TASK OBJECTIVE:
Where does the string "jccbatti" appear in the material? Copy each line that holds it.

SOURCE MATERIAL:
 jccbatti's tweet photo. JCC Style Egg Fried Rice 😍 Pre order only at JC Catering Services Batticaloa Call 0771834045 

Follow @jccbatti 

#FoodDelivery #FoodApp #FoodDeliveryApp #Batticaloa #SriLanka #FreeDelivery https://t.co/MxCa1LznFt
--
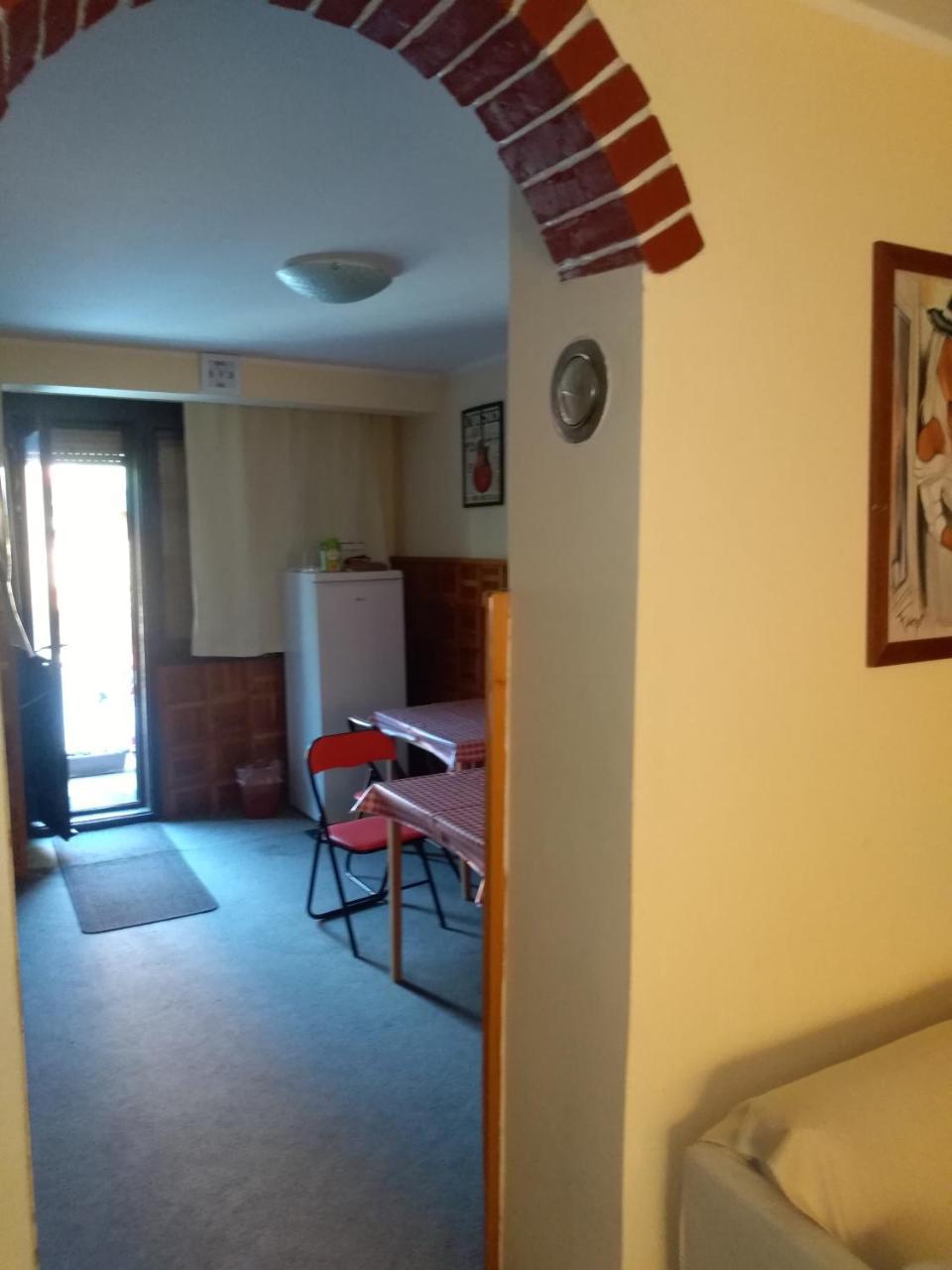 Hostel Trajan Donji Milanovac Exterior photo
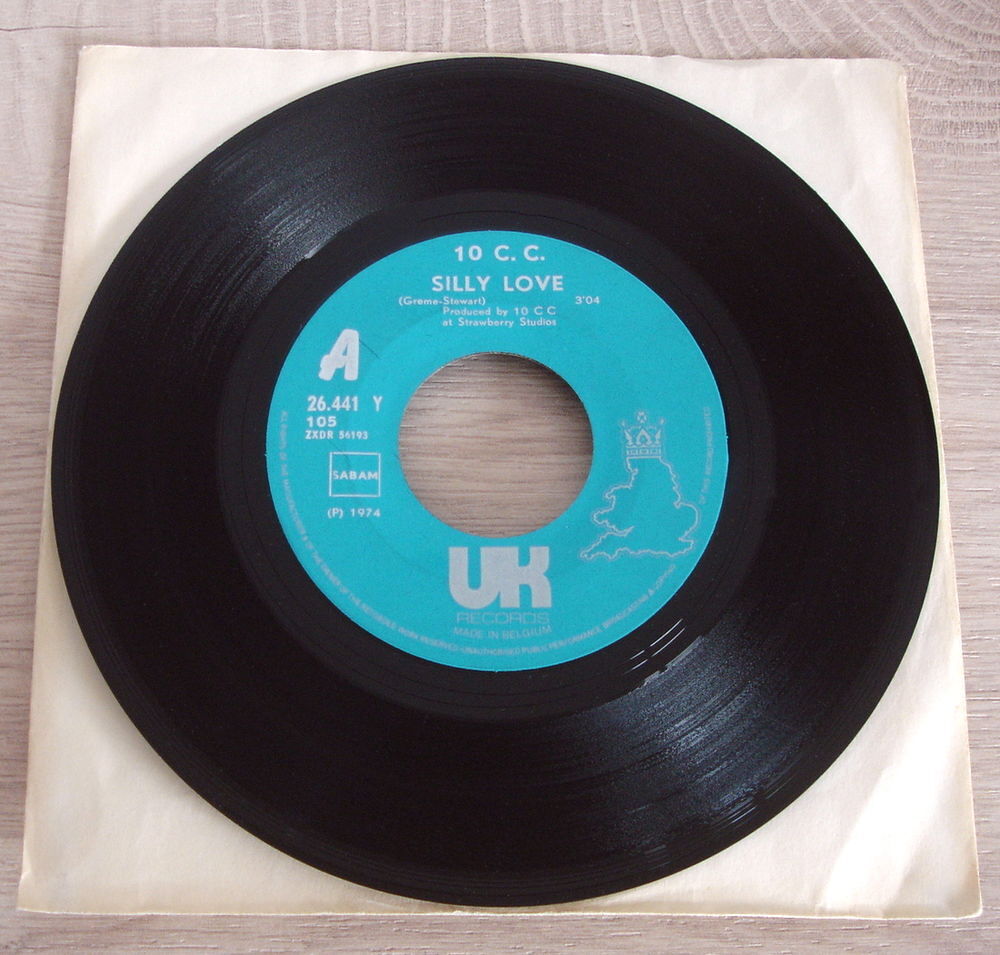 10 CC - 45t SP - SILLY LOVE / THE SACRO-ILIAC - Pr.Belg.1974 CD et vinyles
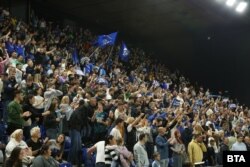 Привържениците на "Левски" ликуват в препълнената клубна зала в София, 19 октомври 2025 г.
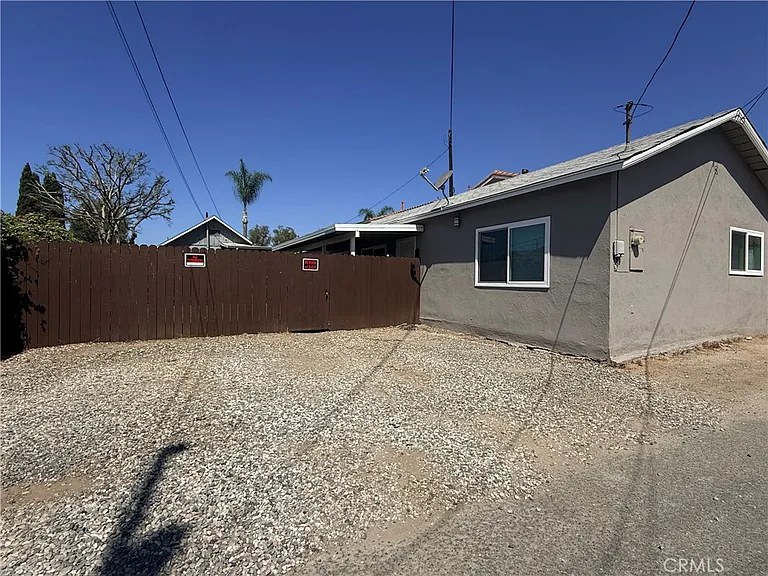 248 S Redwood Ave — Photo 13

SOLUTION TO THIS EXERCISE:
 jccbatti's tweet photo. JCC Style Egg Fried Rice 😍 Pre order only at JC Catering Services Batticaloa Call 0771834045 
Follow @jccbatti 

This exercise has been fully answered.